RaivoKoot / Video-Dataset-Loading-Pytorch

Generic PyTorch dataset implementation to load and augment VIDEOS for deep learning training loops.

Home Page:https://video-dataset-loading-pytorch.readthedocs.io/

Geek Repo:Geek Repo

Github PK Tool:Github PK Tool

Why subtract 'frames_per_segment' to calculate 'segment_duration' ?

Gateway2745 opened this issue · comments

Hi. Why do you subtract 'frames_per_segment' from 'num_frames' and then divide by 'num_segments' to calculate 'segment_duration' ? Can we not directly divide 'num_frames' by 'num_segments' to get the 'segment_duration' ? Thanks!

segment_duration = (record.num_frames - self.frames_per_segment + 1) // self.num_segments

Hi. Good question.
So, the equation is:
segment_duration = (record.num_frames - self.frames_per_segment + 1) // self.num_segments
If you don't subtract frames_per_segment and add 1, then an IndexOutOfBounds error can occur later.

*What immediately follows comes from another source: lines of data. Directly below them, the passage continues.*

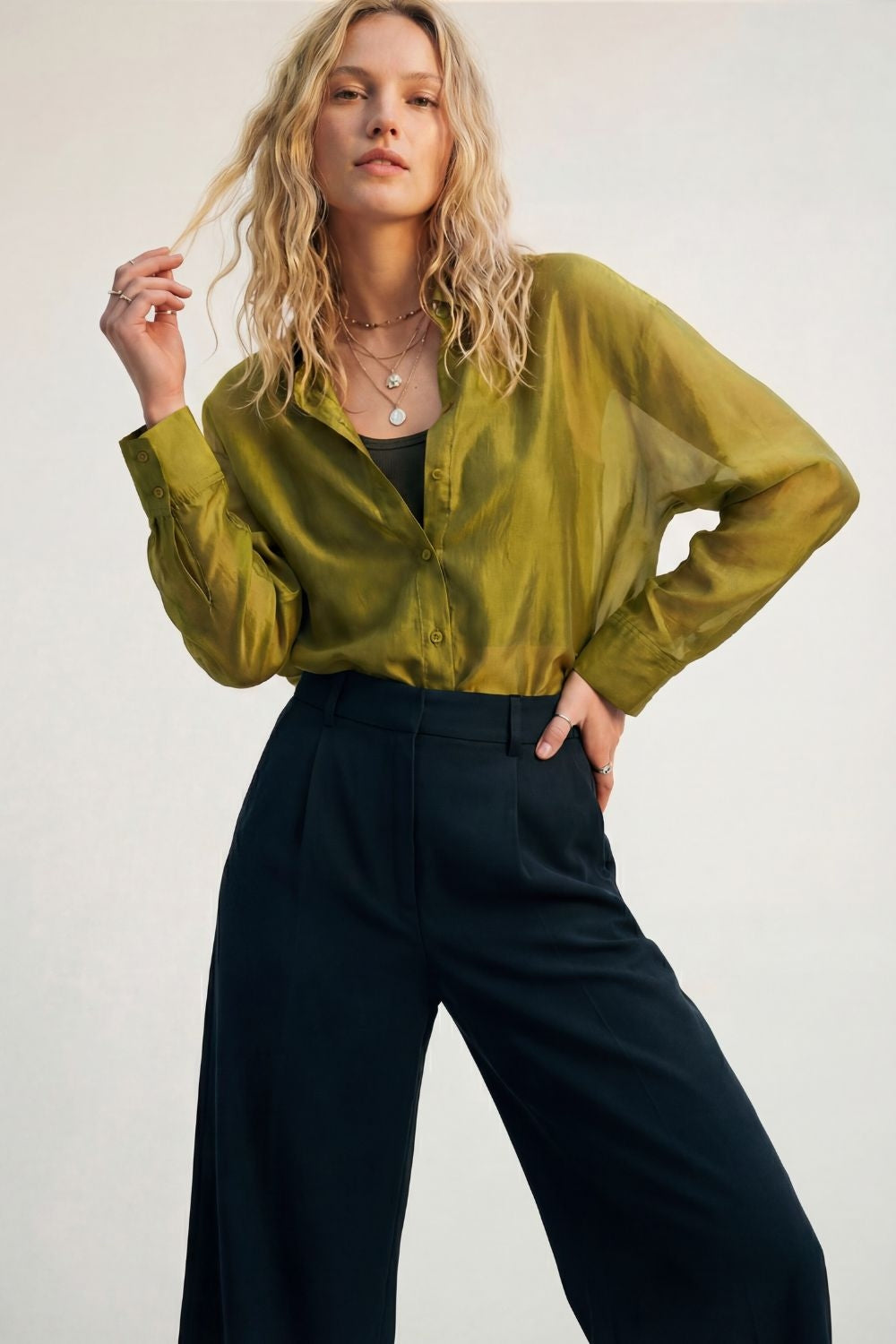 Q2 Camicia in raso lucido con vestibilitˆ rilassata in colore oliva
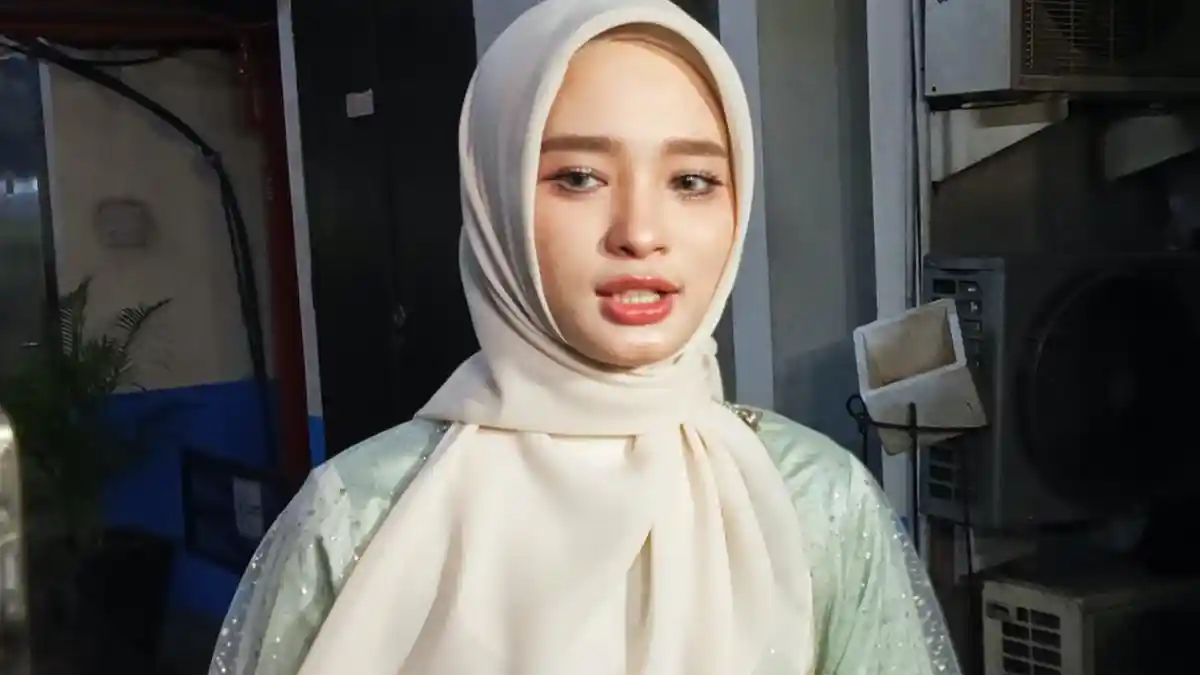 Kaget Dituding Jadi Orang Ketiga, Inara Rusli Minta Maaf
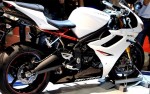 Triumph Daytona 675R 2011 giá gần 12.000 USD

In the case where frames_per_segment=1, - self.frames_per_segment + 1 obviously makes no difference, because we are subtracting 1 and adding 1. So, this only matters in the case where frames_per_segment > 1.

Some Context

When you use frames_per_segment > 1, what happens is that for each segment, a random start index is sampled, and then starting from each start_index, frames_per_segment consecutive frames are loaded and returned. This function _sample_indices does not return the indices of all frames to be loaded, but only the start index of each segment's frames_per_segment frames.

An Example

num_segments = 3
frames_per_segment = 2
num_frames = 6
frame_indices = [0, 1, 2, 3, 4, 5]

We can not use 5 as a start index. This is because starting from 5 we would need to take frames_per_segment=2 frames which would be the two frames at index 5 and 6. Index 6 is out of bounds though. If you do not do - self.frames_per_segment + 1, then the function will sometimes return index 5 as the start index for the third segment. Doing - self.frames_per_segment + 1 is not a perfect solution, but it works.

Thank you for the detailed explanation! I understood the purpose of it now but my doubt persists.

In the example you have given, the segments would be [0,1], [2,3] and [4,5]. So, the starting index can be either 0, 2 or 4. However, the result of segment_duration = (record.num_frames - self.frames_per_segment + 1) // self.num_segments gives segment_duration=1. Should this not be 2 (each segment [0,1], [2,3],[4,5] has 2 frames) ?

Let's say segment_duration=1. Now, _sample_indices always returns offsets=[0,1,2]. With frames_per_segment = 2, this spans frames [0,1,2,3]. So frames 4 and 5 will never be used. Is this supposed to be how it works?

Thanks again!

Yes, you are right that this is how it works, even though it is not the best behavior. Because most people only use a single frame per segment, I did not pay much attention to improving this behavior, when I adapted this repostiroy from the original code repository, which implemented this sub-optimal behavior. In my own experiments, I also only ever use a single frame per segment.

However, you are very welcome to create a pull request and suggest an improvement for this. If it is suitable, I am happy to merge it!!

Hi. Thanks for the confirmation! Oh I see, I was not aware that the norm was to use only a single frame per segment. Sure, although it is difficult for me right now, if I come up with a way to improve the current strategy, I'll definitely raise a PR. Thanks again.